Council on Governmental Relations (COGR)
COGR provides advice and information to its membership and makes certain that federal agencies understand academic operations and the impact of proposed regulations on colleges and universities. The website provides Publications (under the Research heading) on areas such as Financial Management, Effective Management Practices, Intellectual Property, Export Controls, and Conflict of Interest.
Federal Demonstration Project (FDP)
The FDP is a program sponsored by the Government, University, Industry Research Roundtable of the National Academies. Its purpose is to reduce the administrative burdens associated with research grants and contracts. The webite offers a place to locate links to several federal agencies, affiliated members, and a grant management program.

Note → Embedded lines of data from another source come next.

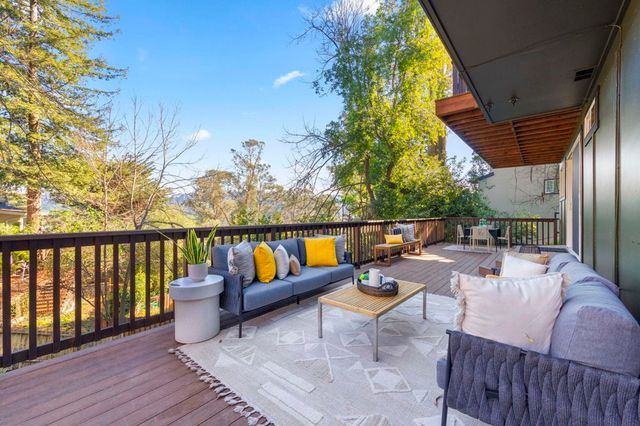 6688 Colton Blvd, Oakland, CA 94611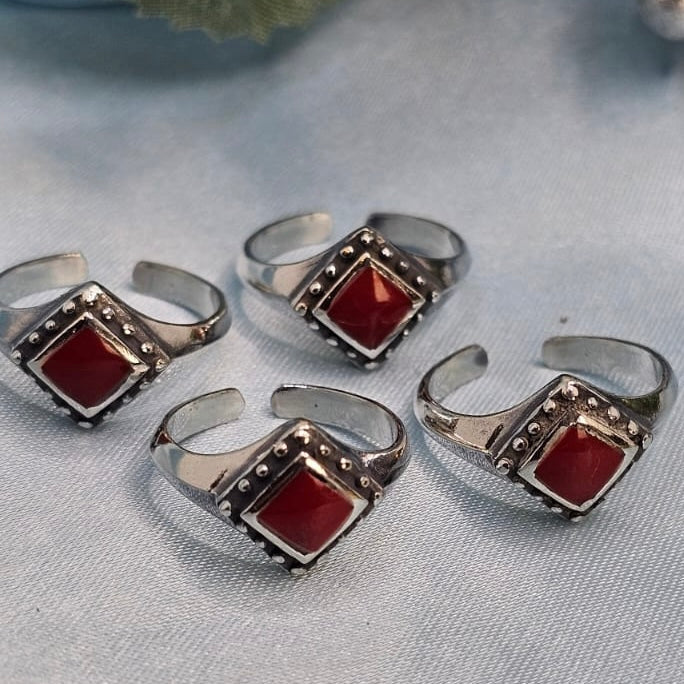 Red stone toe ring
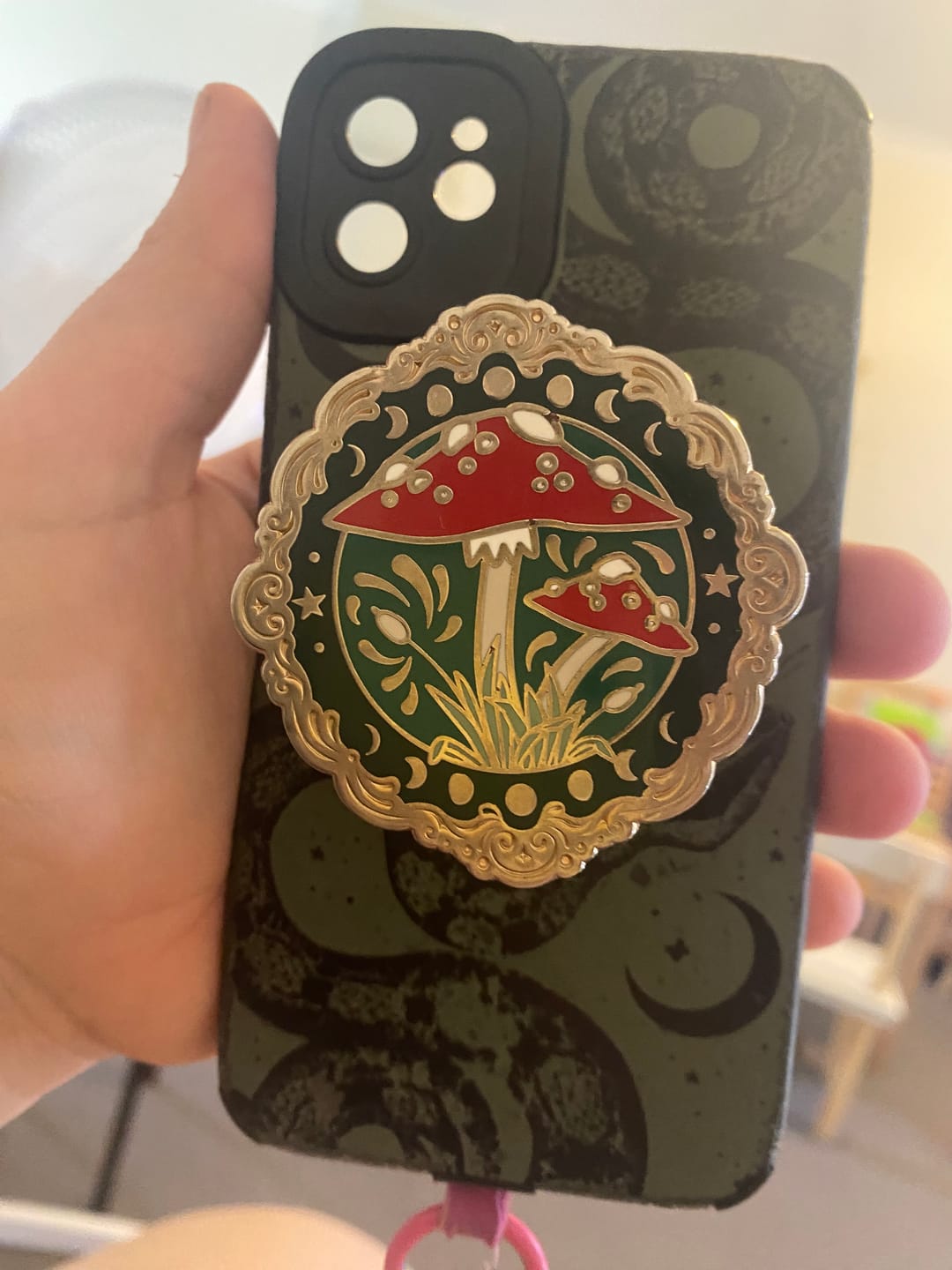 Customer photo review of Wonderland Clingie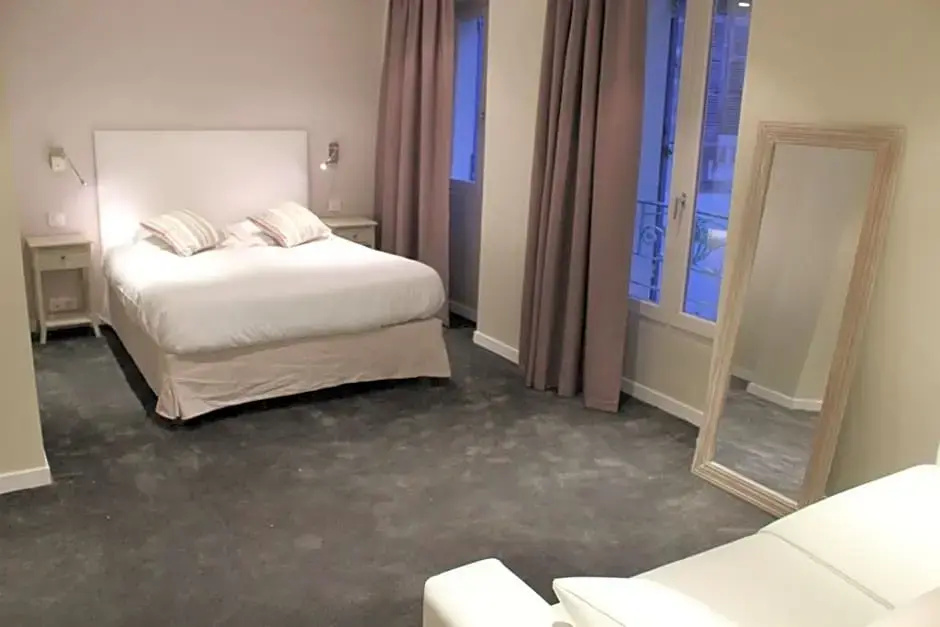 Privilege Double room (full double bed)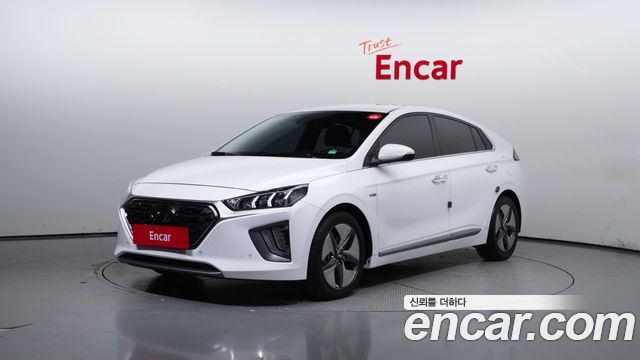 Hyundai The new IONIQ Hybrid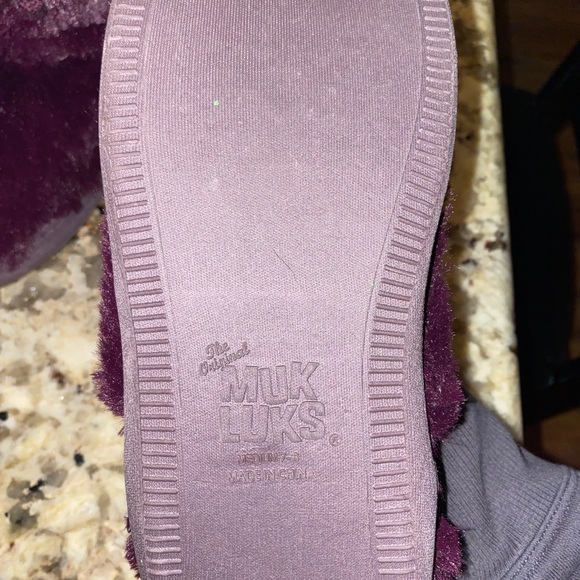 Women’s Muk Luks Amira Slipper size 7-8 - Picture 3 of 4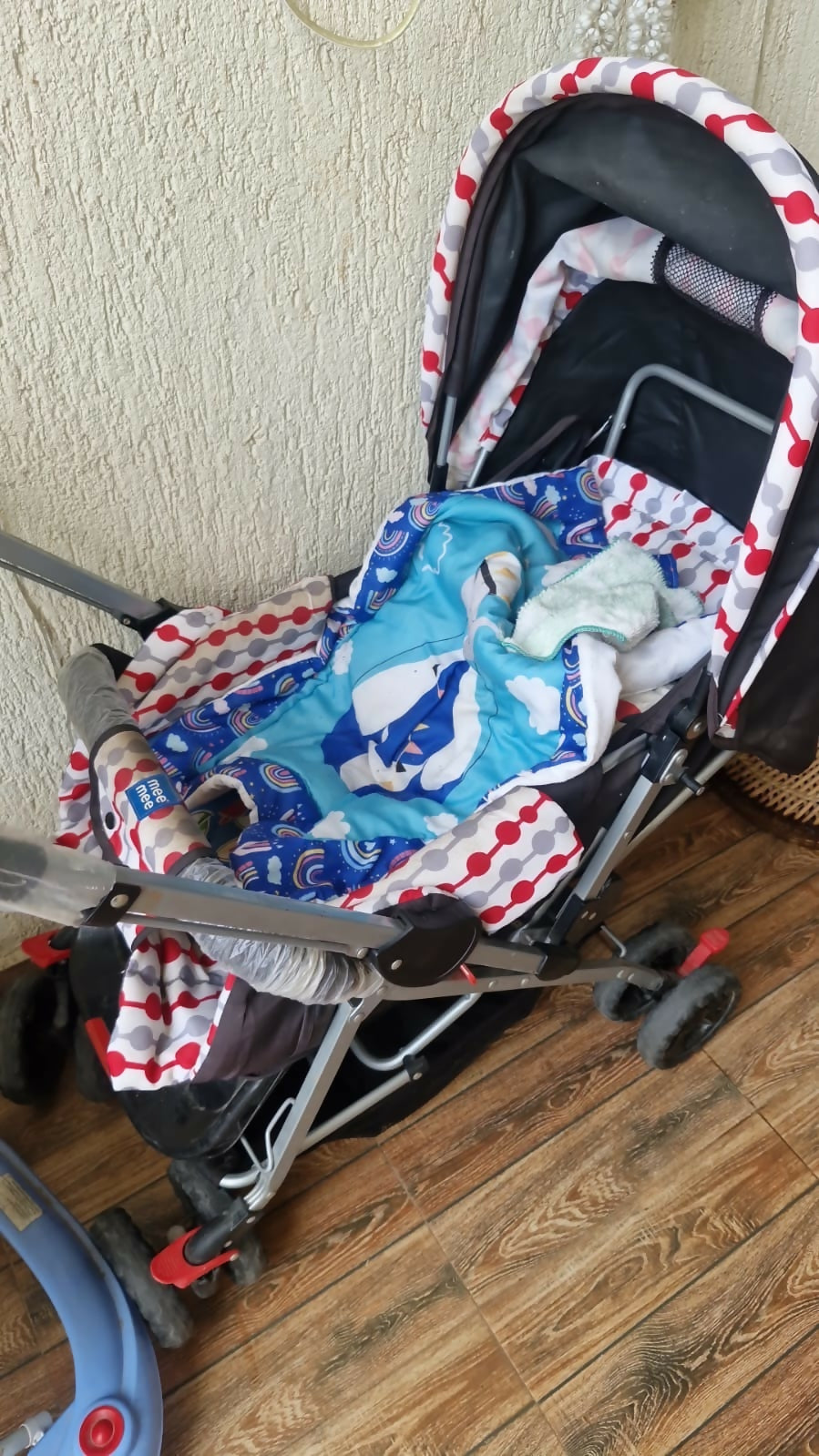 MEE MEE baby stroller – foldable, reversible, and travel-friendly pram for newborns and toddlers.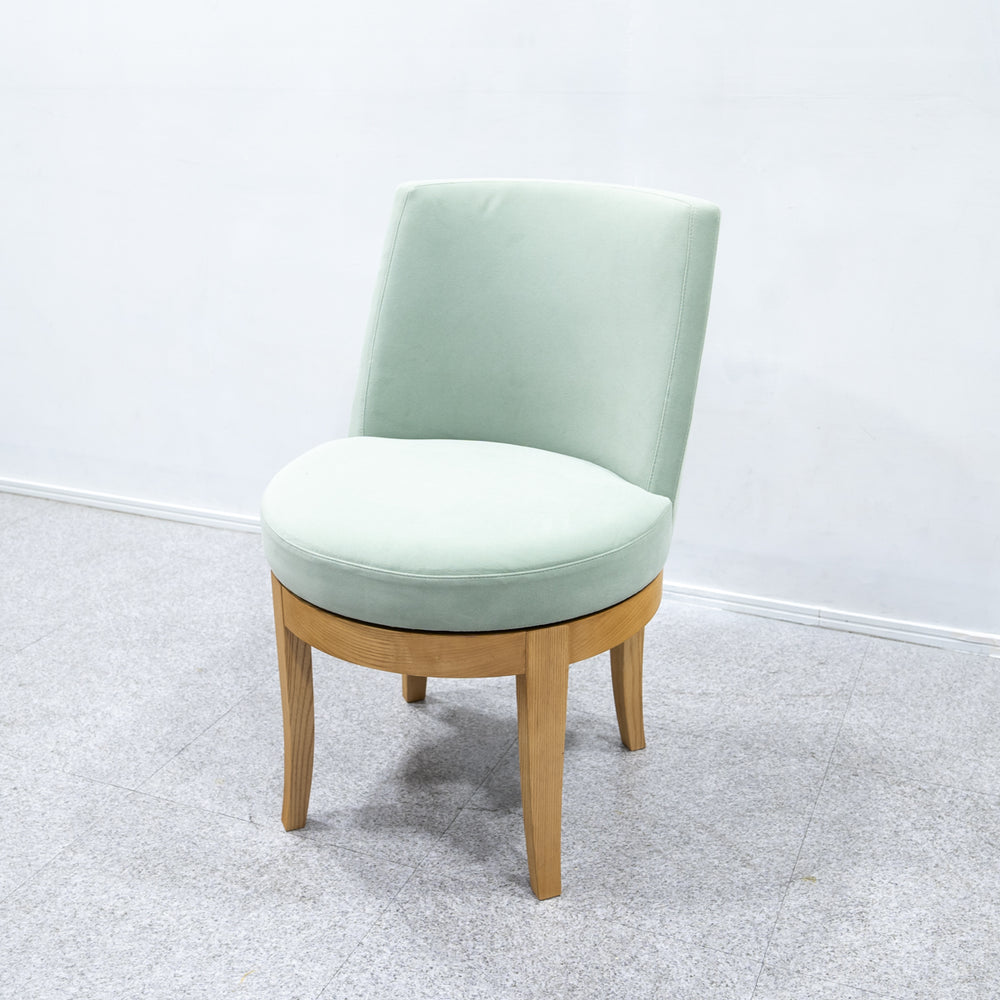 Cassina ixc. / CARDINAL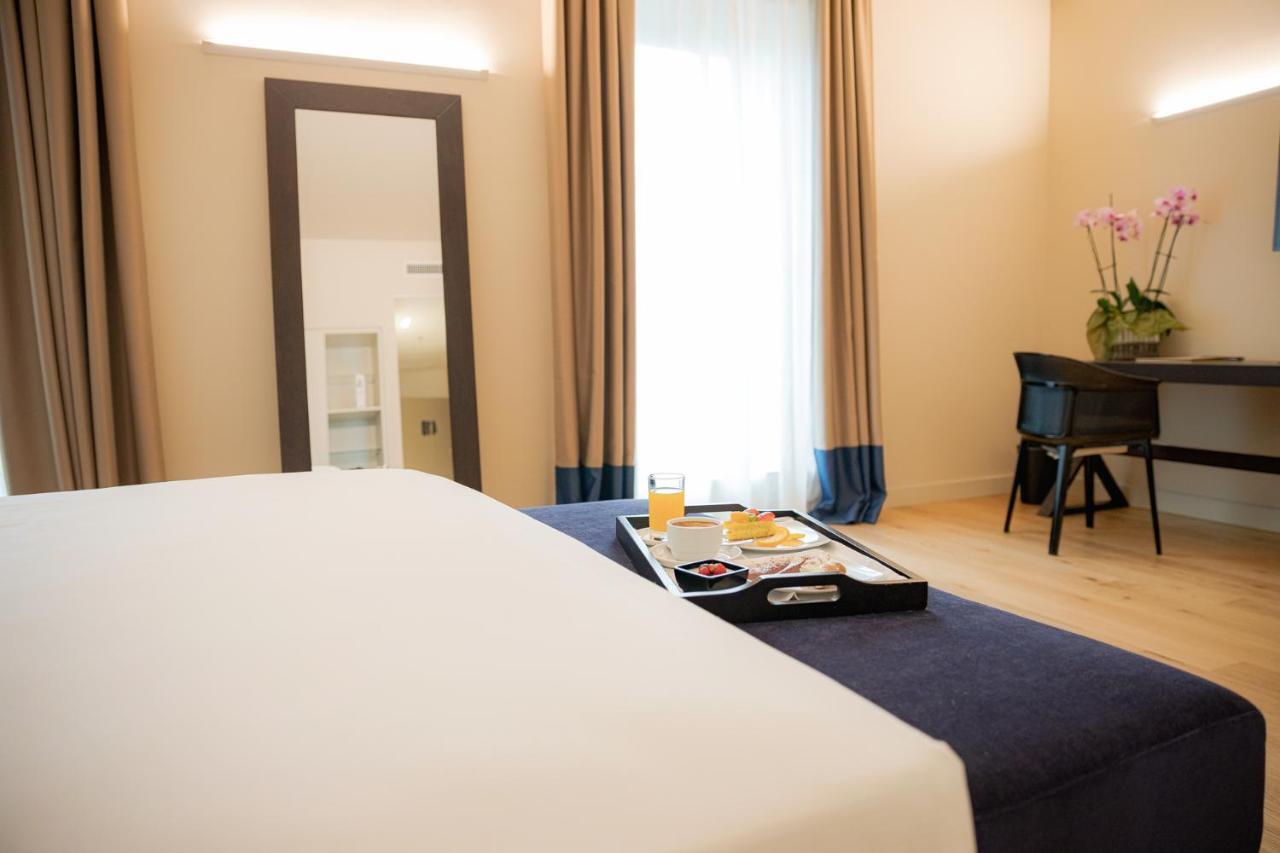 Hotel Politeama Palermo Bagian luar foto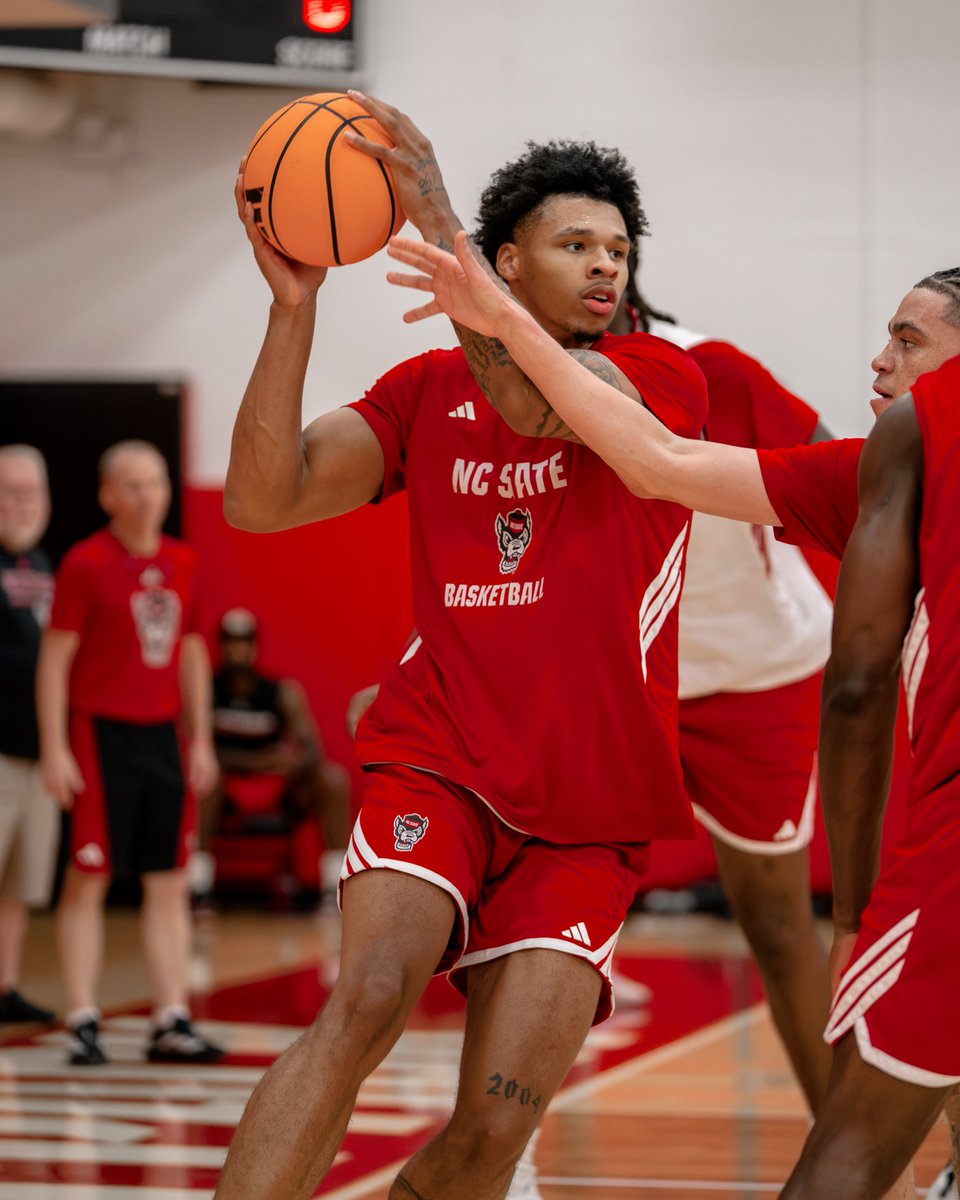 PackMensBball's tweet photo. First 👀 at @SHall0421 https://t.co/WgOYzSnpte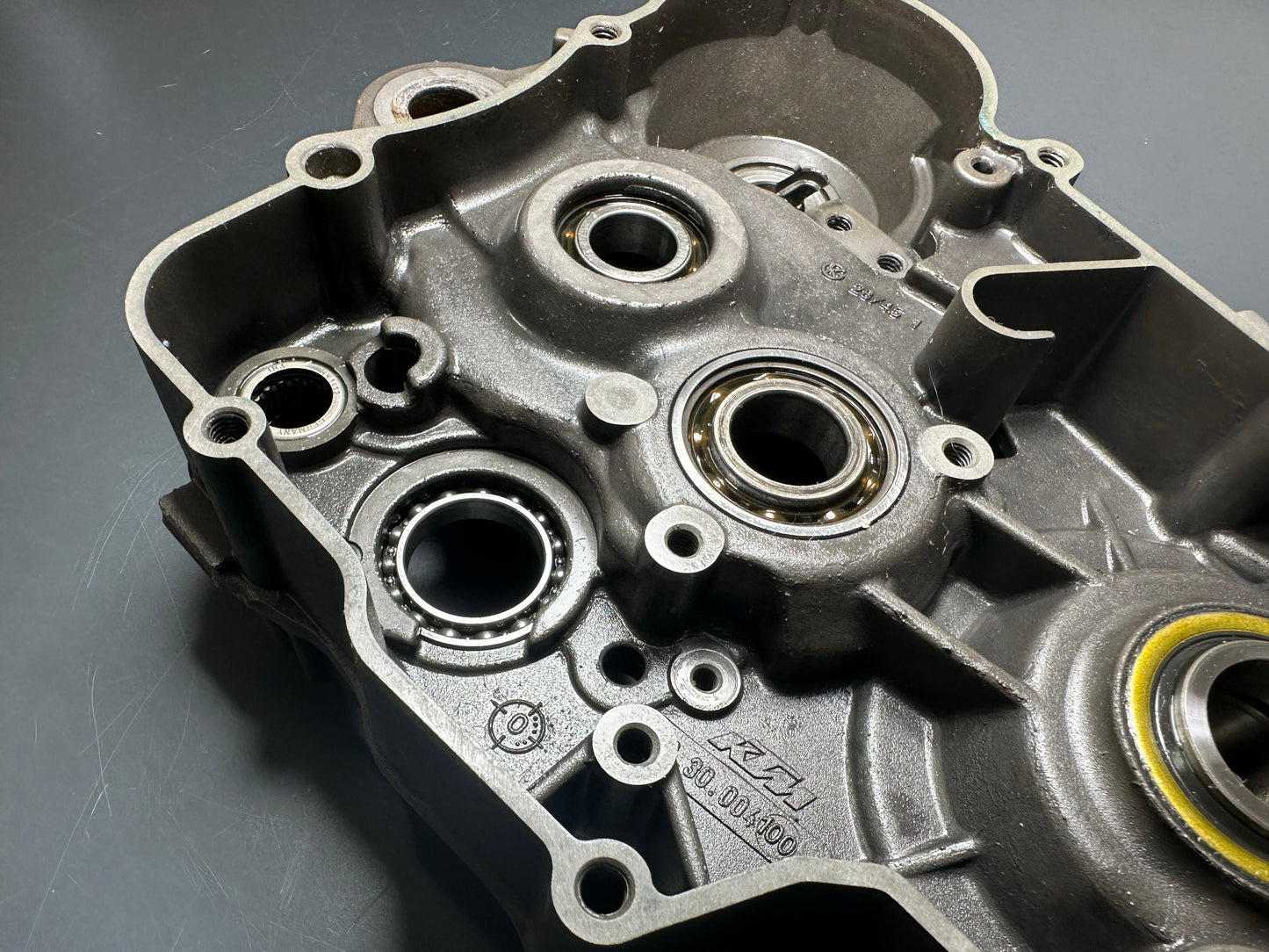 CARTER CENTRALE DESTRO KTM HUSQV Exc Sx Te 125 150 200 2008 2009 2010 2011 2012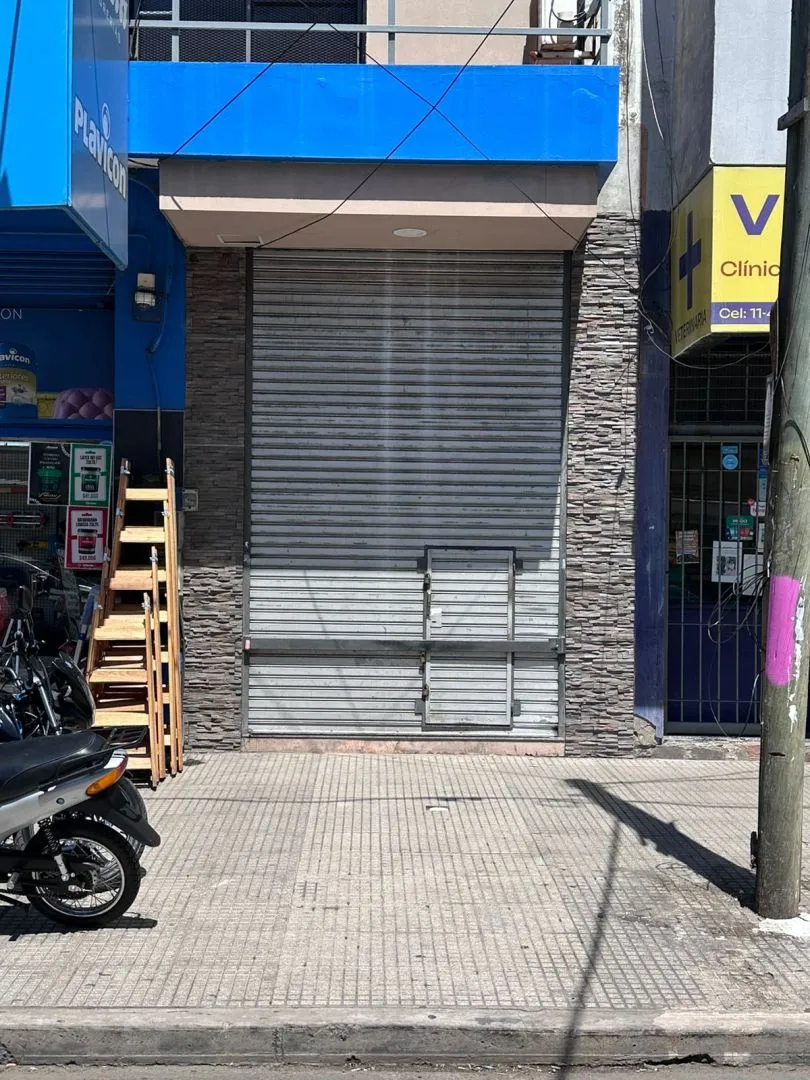 Local Comercial en E. ECHEVERRIA 6100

Defense Contract Audit Agency (DCAA)
The DCAA, while serving the public interest as its primary customer, shall perform all necessary contract audits for the Department of Defense and provide accounting and financial advisory services regarding contracts and subcontracts to all DoD Components responsible for procurement and contract administration. These services are provided in connection with negotiation, administration, and settlement of contracts and subcontracts to ensure taxpayer dollars are spent on fair and reasonable contract prices. The DCAA shall provide contract audit services to other Federal agencies as appropriate.
For the University of Alaska, the DCAA conducts audits on behalf of the university’s cognizant agency Office of Naval Research.